Image-text web data
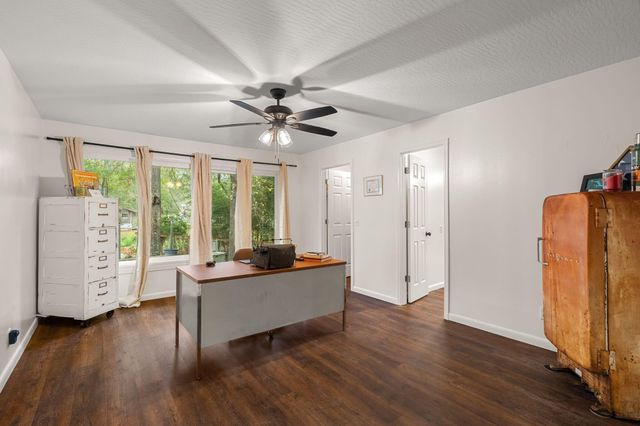 1212 Meadowood Rd., Columbia, MS 39429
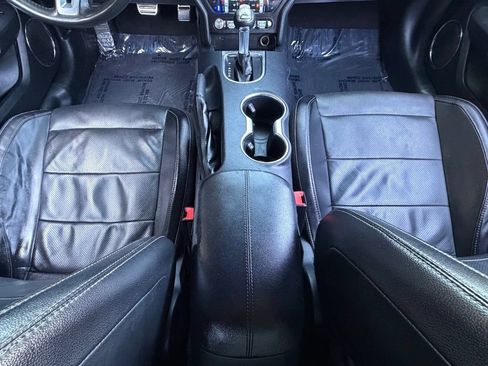 Used 2020 Ford Mustang Premium RWD image 43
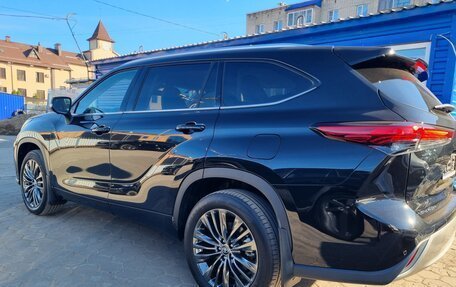 Toyota Highlander, 2026 год, 4 999 000 рублей, 4 фотография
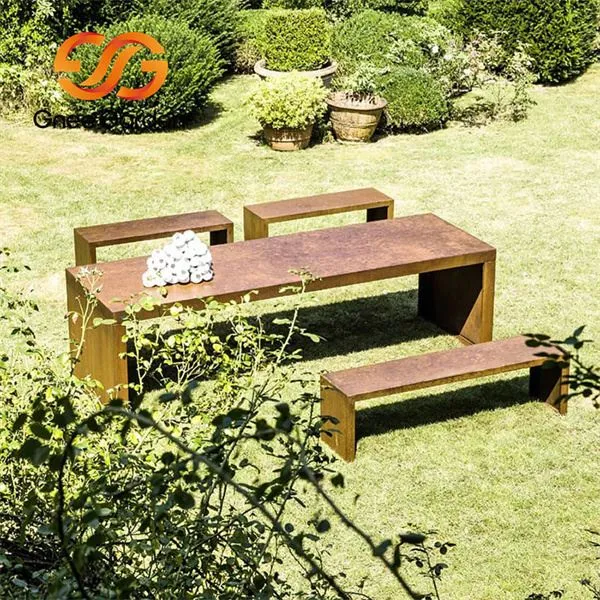 Corteni terasest tänava- ja pargimööbel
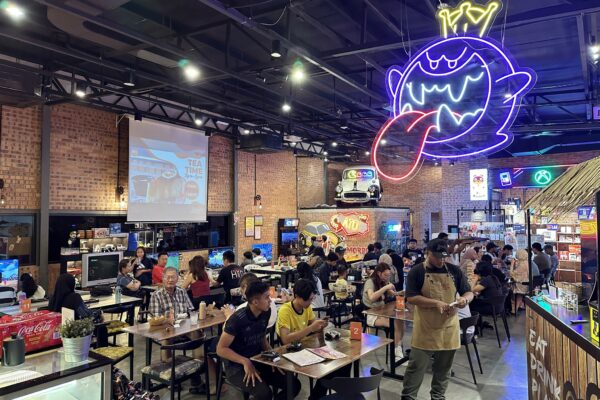 biggest gaming cafe in malaysia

What to work on >>
Your reply should be the entries copied exactly, with all images omitted.

Solution >>
 1212 Meadowood Rd., Columbia, MS 39429
 Used 2020 Ford Mustang Premium RWD image 43
 Toyota Highlander, 2026 год, 4 999 000 рублей, 4 фотография
 Corteni terasest tänava- ja pargimööbel
 biggest gaming cafe in malaysia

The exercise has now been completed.